What you need to do:
Once you find the line with "Turquoise blue paint finish", transcribe it and all the lines that follow to the end of the data, exactly as written; skip any pictures.

Dataset section:
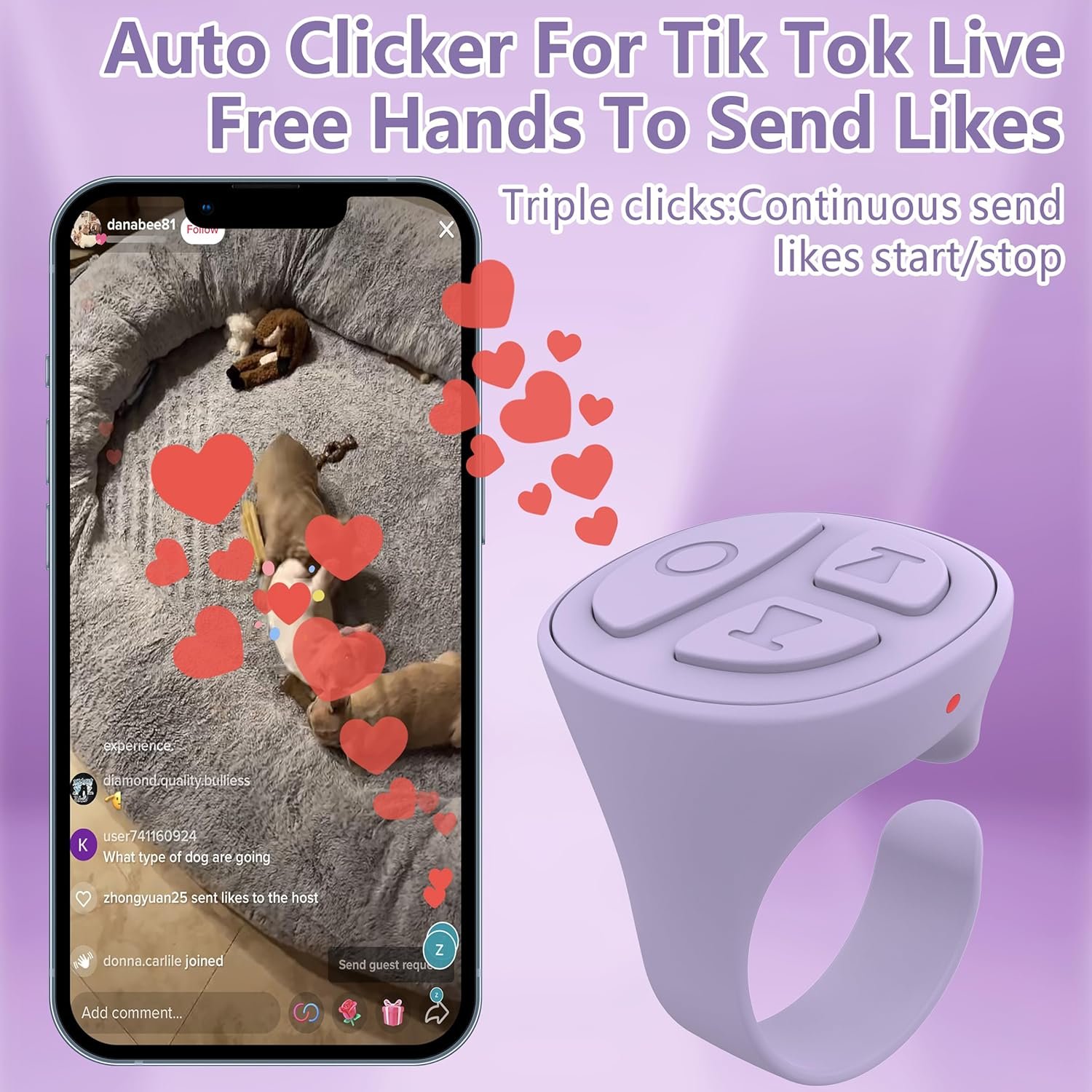 TikTok Scrolling Ring, Bluetooth Camera Remote Control, Scrolling Ring for TIK Tok, iPhone, iPad, Android (Purple) - Image 4
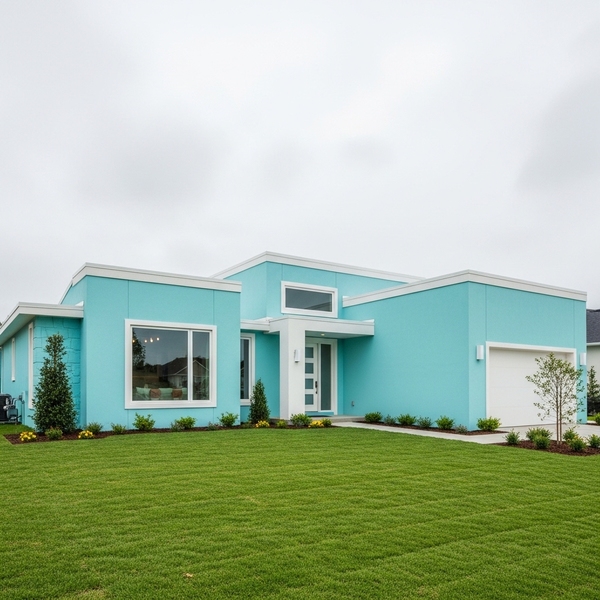 Turquoise blue paint finish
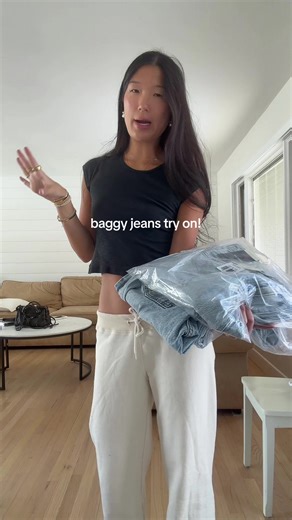 on a mission to find the perfect slouchy low rise jeans lmk which size to keep!! @Levi’s #tryon #baggyjeans #levis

Output of the exercise:
 Turquoise blue paint finish
 on a mission to find the perfect slouchy low rise jeans lmk which size to keep!! @Levi’s #tryon #baggyjeans #levis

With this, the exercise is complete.